* What to work on
Repeat the data as given. Images do not go in the copy.

Data supplied START

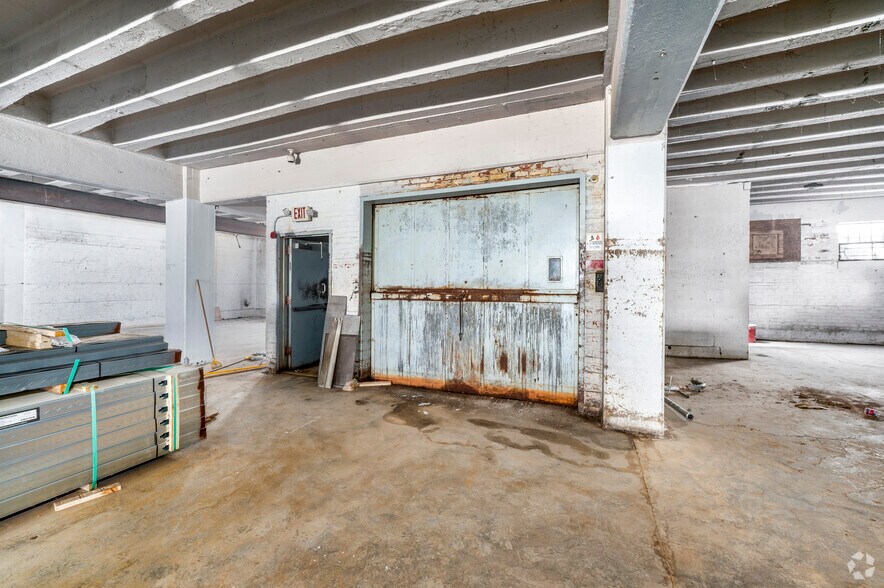 More Photos Of 2240 25th Pl NE, Washington Warehouse For Sale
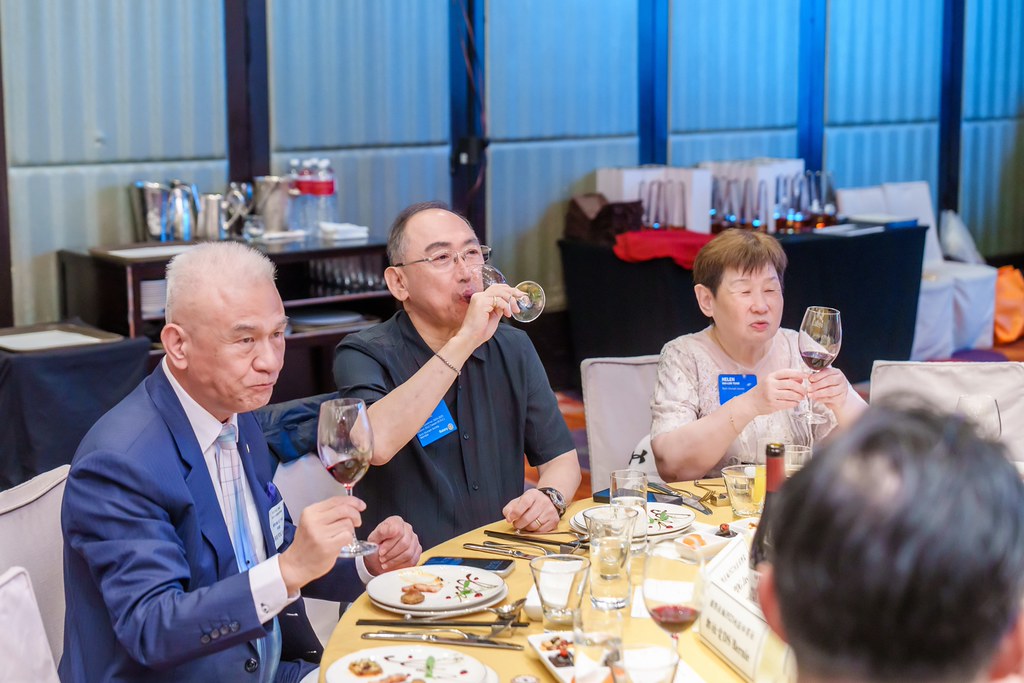 [雲端攝影]松仁社14屆社長感恩晚會-最專業的團隊完成每場完美活動攝影，拍的不只好更要快! #活動攝影
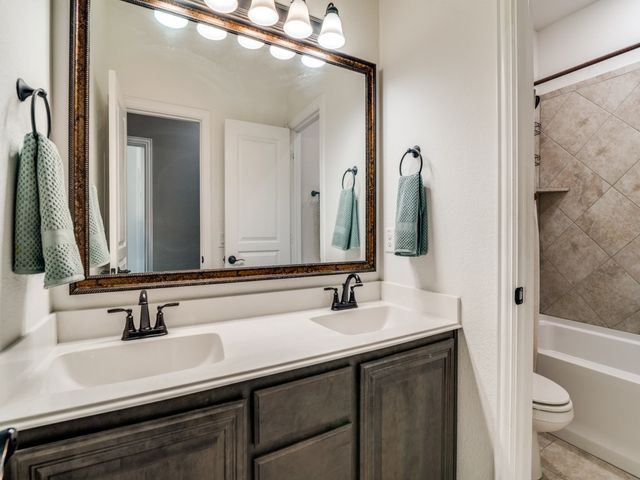 413 Oakcrest Drive, Justin, TX 76247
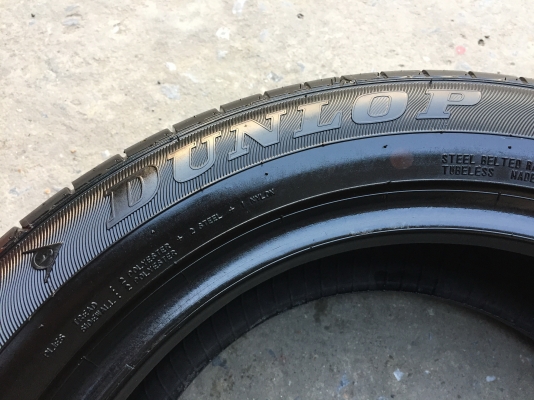 ยาง DUNLOP 205-55-16 ปี 17 ครบชุด 4 เส้น 4900 สภาพสวยๆไม่บวมไม่กินข้าง ดอกยางเหลือเยอะเอาไปวิ่งกันใด ยาง DUNLOP 205-55-16 ปี 17 ครบชุด 4 เส้น 4900 สภาพสวยๆไม่บวมไม่กินข้าง ดอกยางเหลือเยอะเอาไปวิ่งกันใด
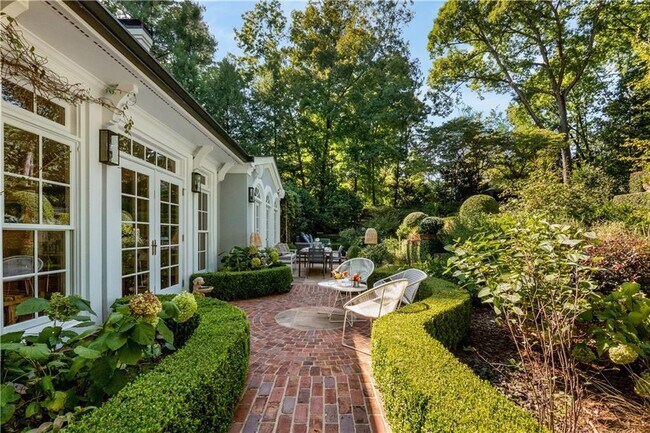 Building Photo - 4224 E Conway Dr NW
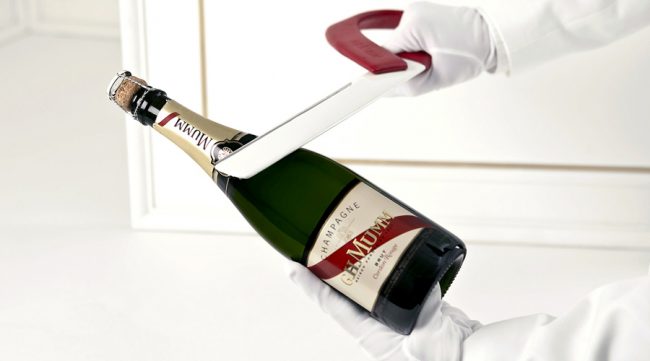 champagne-sabrage_mumm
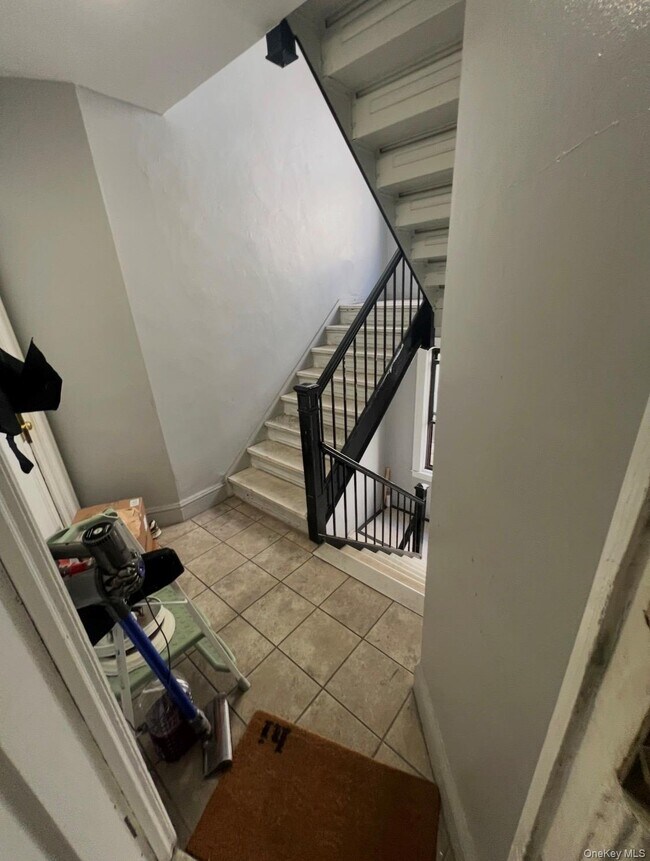 Building Photo - 43-40 42nd St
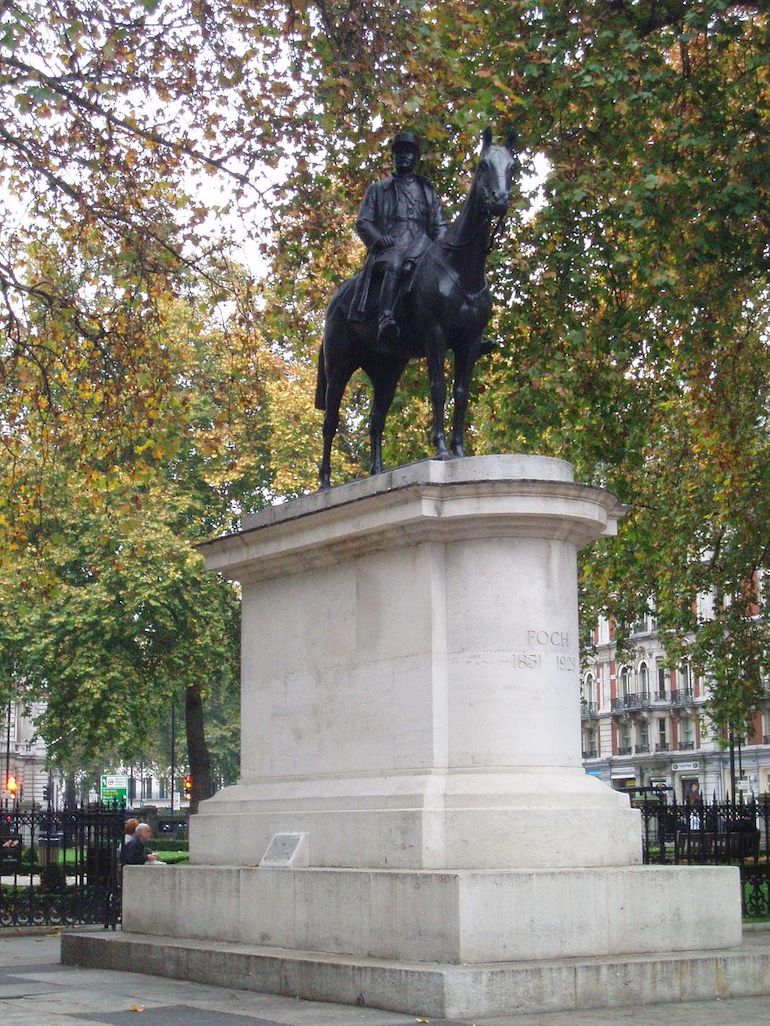 Equestrian statue of Ferdinand Foch, London. Photo Credit: © Carcharoth via Wikimedia Commons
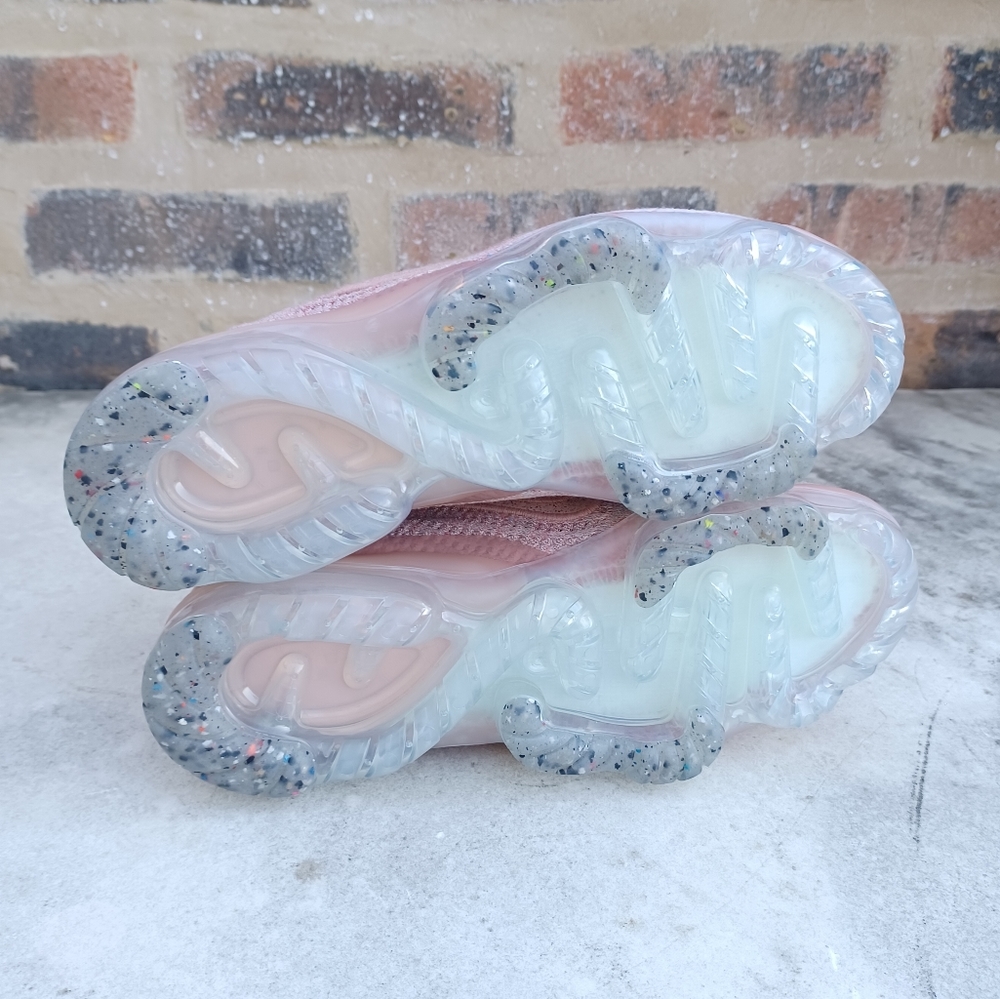 Nike Vapormax Flyknit Sneakers - Picture 6 of 11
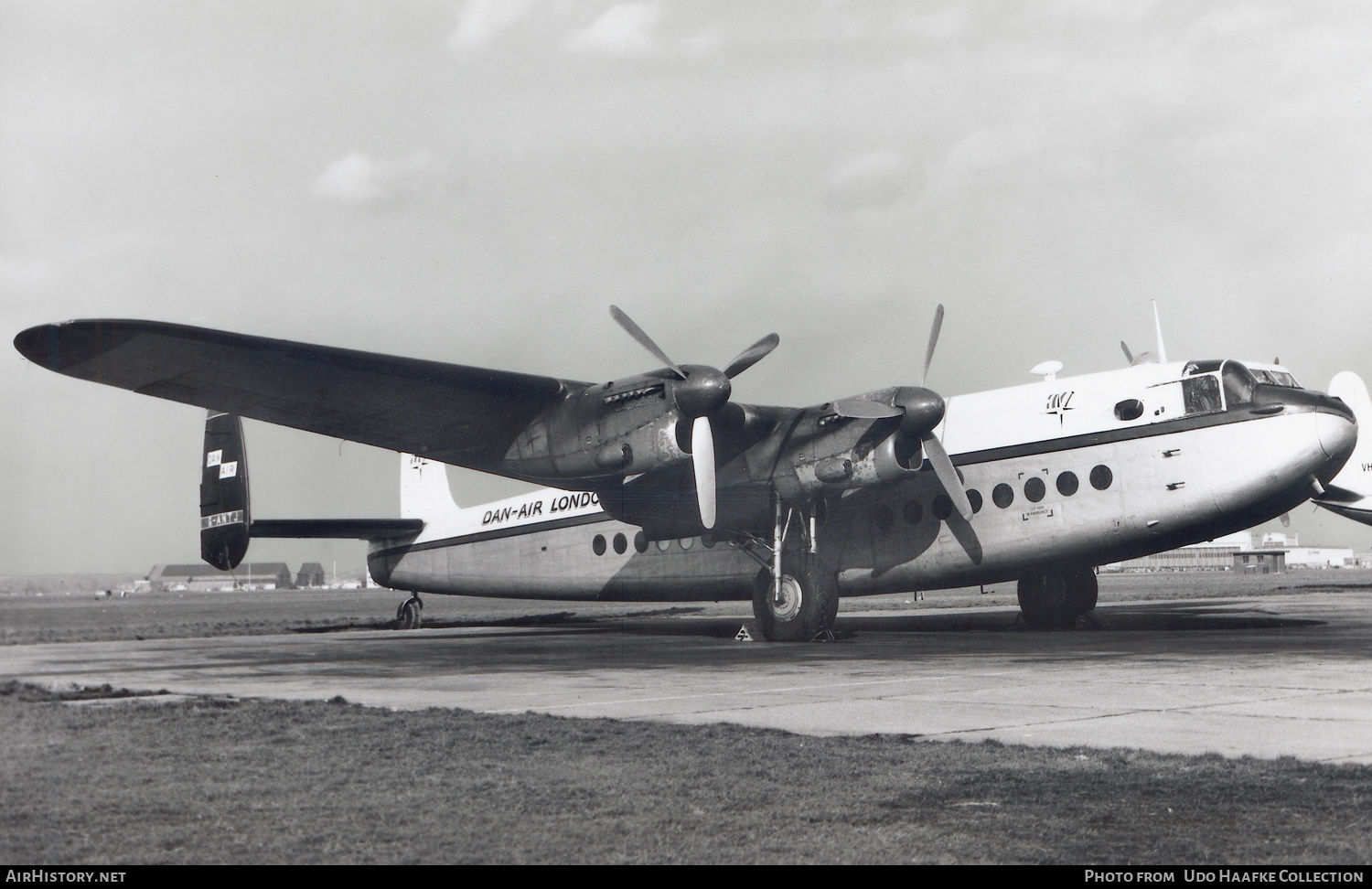 Aircraft Photo of G-ANTJ | Avro 685 York C1 | Dan-Air London | AirHistory.net #642718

Data supplied END

* Expected output
 More Photos Of 2240 25th Pl NE, Washington Warehouse For Sale
 [雲端攝影]松仁社14屆社長感恩晚會-最專業的團隊完成每場完美活動攝影，拍的不只好更要快! #活動攝影
 413 Oakcrest Drive, Justin, TX 76247
 ยาง DUNLOP 205-55-16 ปี 17 ครบชุด 4 เส้น 4900 สภาพสวยๆไม่บวมไม่กินข้าง ดอกยางเหลือเยอะเอาไปวิ่งกันใด ยาง DUNLOP 205-55-16 ปี 17 ครบชุด 4 เส้น 4900 สภาพสวยๆไม่บวมไม่กินข้าง ดอกยางเหลือเยอะเอาไปวิ่งกันใด
 Building Photo - 4224 E Conway Dr NW
 champagne-sabrage_mumm
 Building Photo - 43-40 42nd St
 Equestrian statue of Ferdinand Foch, London. Photo Credit: © Carcharoth via Wikimedia Commons
 Nike Vapormax Flyknit Sneakers - Picture 6 of 11
 Aircraft Photo of G-ANTJ | Avro 685 York C1 | Dan-Air London | AirHistory.net #642718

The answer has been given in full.